Since their public debut in 2022, large language models have become central to how people search for information. Instead of sifting through dozens of links, users can now receive neatly composed summaries synthesized from across the internet. The experience is fast, fluent, and convenient - but new experimental research from the Wharton School of the University of Pennsylvania and New Mexico State University suggests that this convenience may come at a cognitive cost.
In their paper, Experimental Evidence of the Effects of Large Language Models versus Web Search on Depth of Learning, Shiri Melumad and Jin Ho Yun propose that when people rely on AI-generated syntheses instead of traditional web links, they may learn less deeply. Across seven experiments involving over 10,400 participants, the researchers found consistent evidence that people who used LLM summaries developed shallower, less original knowledge structures compared with those who searched and integrated information themselves.
The central idea behind their work is straightforward but profound: effort matters for learning. Traditional web search forces users to explore, compare, and assemble pieces of information from different sources. This process - called search-as-learning in cognitive science - promotes "sensemaking," where the learner gradually builds internal models of understanding. In contrast, LLMs perform much of that synthesis automatically, creating the illusion of completeness while skipping the steps that help cement knowledge.
To test this, the researchers first asked over a thousand participants to research a simple question - how to plant a vegetable garden - using either ChatGPT or Google Search. Those who used ChatGPT spent less time exploring and later reported that they learned fewer new things, felt less personal ownership of the knowledge they gained, and produced advice that was shorter, less factual, and more generic. Linguistic analysis using natural language processing confirmed these patterns: their written advice contained fewer unique terms, lower factual density, and less originality in phrasing.
In a second experiment, the team ensured that both groups saw identical information - the only difference was format. One group received the data as a ChatGPT-style summary; the other browsed it as a set of clickable web articles. Even with identical content, participants who read the AI summary felt they learned less and produced less detailed and original advice. In short, how information is presented - not just what is presented - shapes the depth of learning.
A third experiment, conducted in a university lab, replicated the findings using Google's "AI Overview" - an integrated LLM summary that appears atop standard search results. Again, participants who learned through the AI summary reported lower comprehension and less investment in the task. Their written responses were shorter, referenced fewer facts, and showed lower semantic uniqueness, meaning they used more similar language to others in the same condition.
The final test extended the research to the real-world question of influence. In a follow-up study, a new group of participants - unaware of which platform produced which advice - rated the helpfulness, informativeness, and trustworthiness of the texts written by earlier participants. The result was clear: advice derived from LLM-based learning was consistently judged as less informative, less trustworthy, and less likely to be adopted.
Together, the seven experiments converge on a striking insight: AI summarization may make us feel smarter while quietly flattening our understanding. The researchers emphasize that this does not mean LLMs are harmful or incapable of supporting learning. Rather, it suggests that active engagement - the process of discovery and synthesis - remains essential for developing the kind of deep, flexible knowledge that can be applied creatively.
From an educational standpoint, these results resonate with what psychologists call desirable difficulty: learning that requires more cognitive effort often produces better long-term retention. Friction, in this sense, is not a flaw but a feature - a mechanism that forces the mind to process more deeply.
Melumad and Yun caution, however, that their findings apply primarily to conceptual learning - cases where understanding and originality matter - rather than to rote fact retrieval. If one simply needs a date, formula, or definition, an AI summary may suffice or even outperform manual search. But when the goal is to form nuanced insights or creative perspectives, skipping the "work of learning" can lead to intellectual shallowness.
The authors note that this effect persisted even when LLMs provided real-time web links and that participants rarely clicked them. Once the synthesis is presented as complete, curiosity appears to diminish.
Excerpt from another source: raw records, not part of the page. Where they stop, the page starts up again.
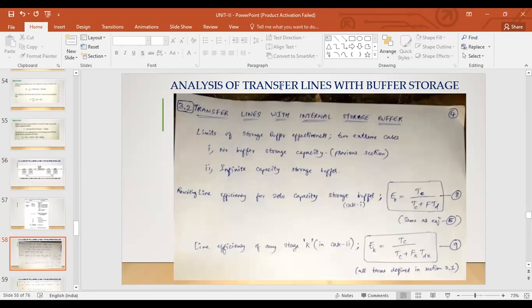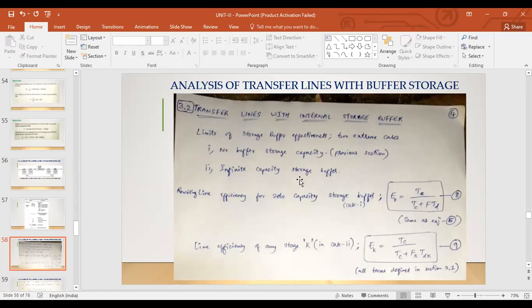We are looking at transfer lines with internal storage buffer. The two extreme cases are: either there is no buffer storage capacity at all, which is what we studied in the last topic, or there is infinite capacity of storage buffer. Infinite capacity is practically impossible, but for simplicity and to understand how effective it will be, we consider different cases such as capacities of 10, 20, or 100.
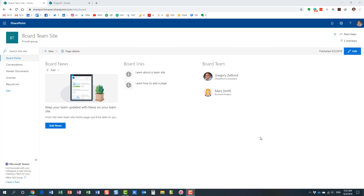Hello, this is Greg from SharePoint Maven. In today's video I would like to explain the difference between classic SharePoint web parts and modern SharePoint web parts. I decided to do this video because there seems to be a lot of confusion, and that's understandable given the differences between classic web parts we've had for many years and their modern counterparts that we now have thanks to modern sites and the modern page experience.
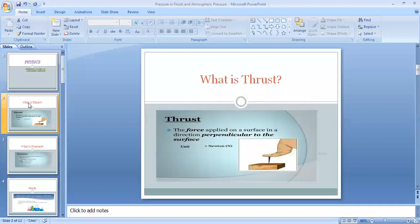The first point is: what is thrust? Thrust is the force applied on a surface in a direction perpendicular to the surface. As shown in the slide, a pointed object is exerting force on the surface perpendicular to it. The unit of thrust is Newton.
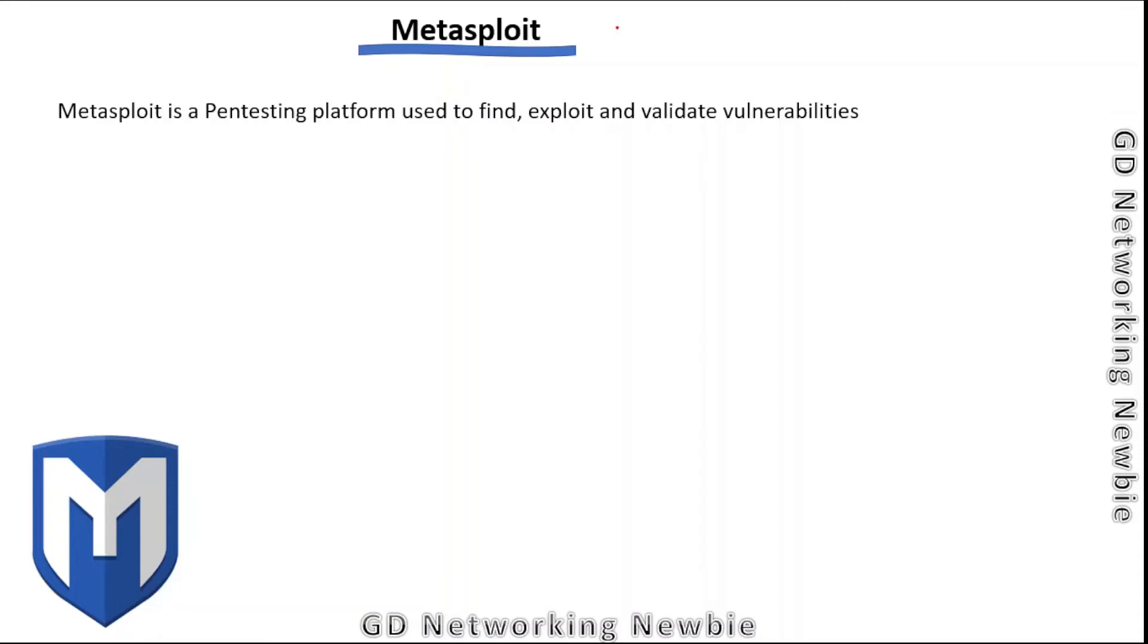Hi everyone, in this video we are going to discuss one of the most important topics in ethical hacking: Metasploit.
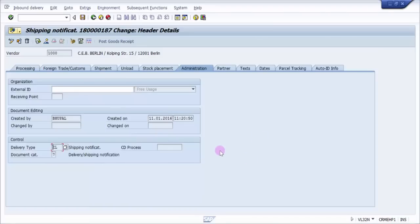That's all about how to create an inbound delivery with respect to a purchase order. Please watch the upcoming sessions where I'll talk about how to create a transfer order with respect to an inbound delivery, and how to do the goods receipt with respect to an inbound delivery. In an inbound delivery process, you first receive the material and then post the goods receipt — whereas in a standard purchase order, you post the goods receipt first and then receive the materials. Please subscribe to our channel and leave your comments — your feedback is highly appreciated. Thank you for watching.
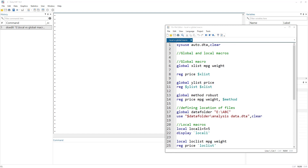Macros are somewhat similar to scalars in that they store values, and there are certain advantages and disadvantages of using one over the other — we'll discuss that at the end of this video. Macros are divided into global macros and local macros. Global macros work across other programs as well, not just for the specific do-file where they are written.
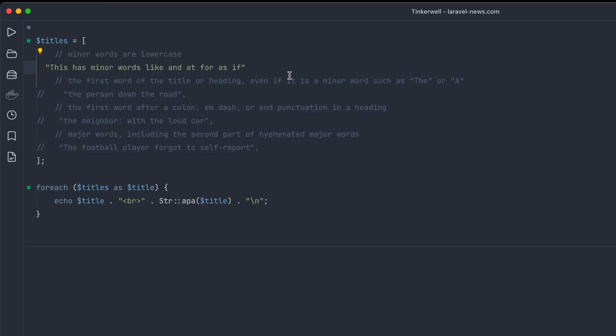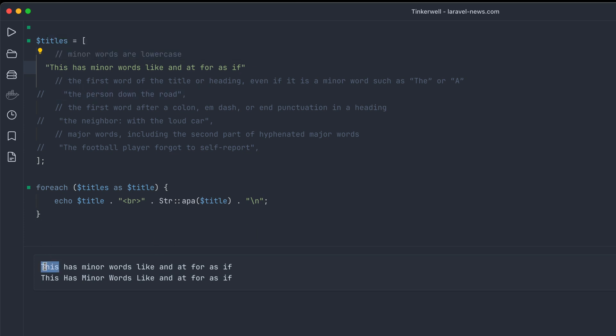So the first one: minor words are lowercased. And you can see here I started off with only 'this' as capitalized and then the APA version everything is capitalized except for 'the', 'and', 'at', 'for', 'as', 'if'. So minor words are not capitalized.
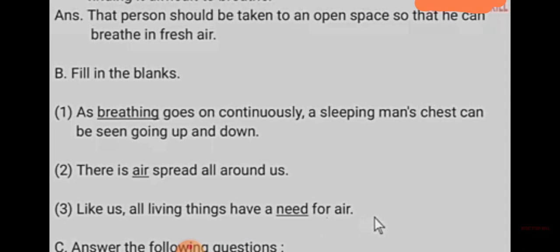Number two B: fill in the blank. First, as breathing goes on continuously, a sleeping man's chest can be seen going up and down. Second, there is air spread all around us. Third, like us, all living things have a need for air.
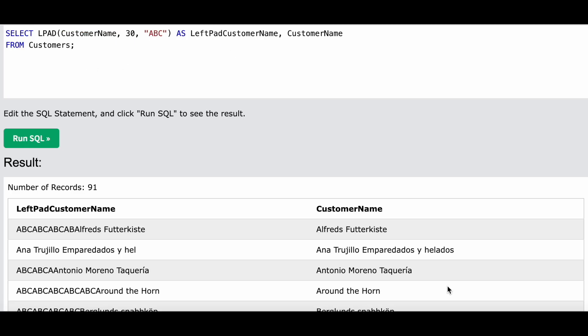So this is it. These functions can be useful whenever you want to add any sort of padding to your string. For example, when you want to add leading spaces or leading zeros to your column, these functions will be quite helpful.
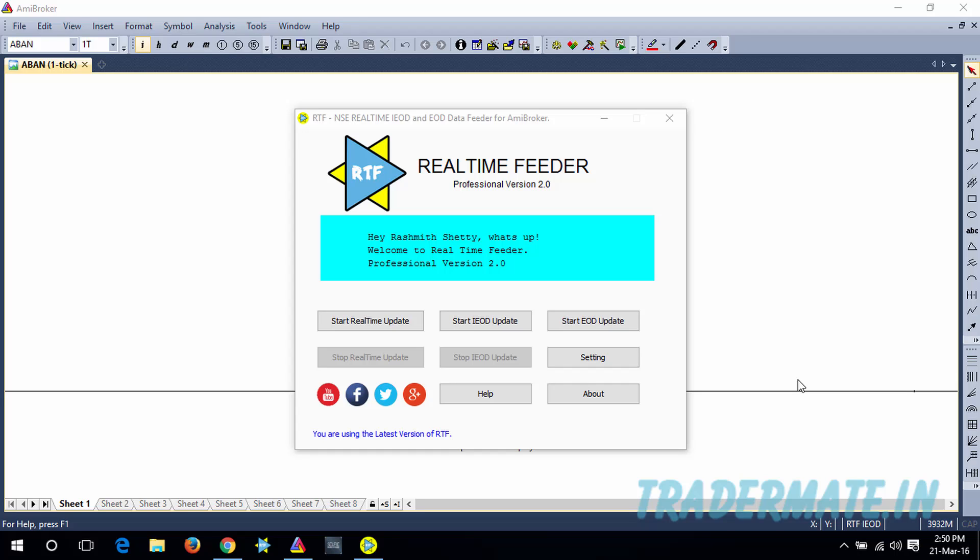So these are the two important things that you need to do: One is the settings you need to make in the AMI Broker database, and the second one is the time zone and date/time settings in your computer. Once you're done with both of these settings, you can use our Real-Time Feeder Software and download and update the NSE IOD data.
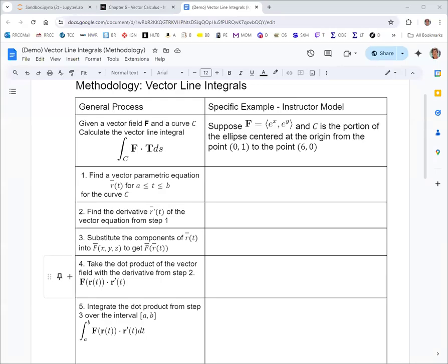In this video, we're going to take a look at vector line integrals, where we integrate a vector field along a curve. Here, we're looking at a two-dimensional case, but most of this could be generalized to three dimensions. The vector field we're looking at has first component function e to the x and second component function e to the y. The curve we are integrating over is a portion of the ellipse centered at the origin from the point (0,1) to the point (6,0).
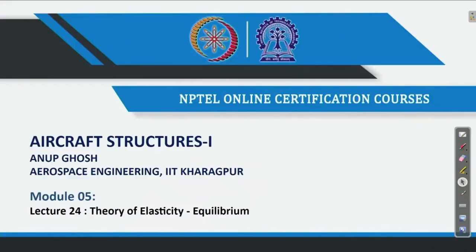Welcome back to Aircraft Structures 1 course. This is Professor Onup Ghosh from the Aerospace Engineering Department, IIT Kharagpur. We are in week 5, module 5, and we will see how the equilibrium equations are derived.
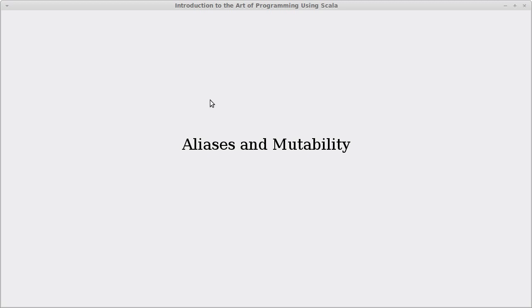Welcome back to the video lecture series for Introduction to Editor Programming using Scala. In this video, we're going to continue talking about aliases. In particular, we're going to talk about how aliases interact with mutability.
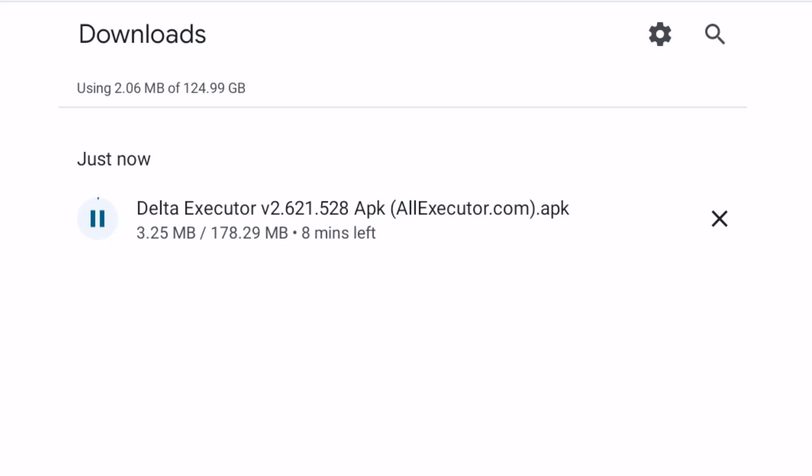Delta APK file download has started. Delta Executor download will finish in one or two minutes.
This may signal a broader shift in human learning behaviors: when the interface reduces uncertainty, it also reduces exploration - the engine of deep cognition.
From the standpoint of Seven Reflections' Dimensional Systems Architecture (DSA) framework, this phenomenon can be understood as a loss of recursive feedback within the cognitive field. Traditional learning engages multiple feedback loops - perception, evaluation, synthesis, revision - that sustain depth and originality. When an LLM collapses these loops into a single, linear output, the process of learning loses its self-correcting structure. In DSA terms, the system ceases to oscillate and begins to merely receive.
This insight reframes the question from "Is AI making us less intelligent" - to "What happens to cognition when the feedback architecture of learning is outsourced - As Seven Reflections' DSA framework suggests, depth of thought depends not on data quantity but on the structural recursion of awareness itself. The future of human learning, then, may hinge on whether we choose to keep that loop open.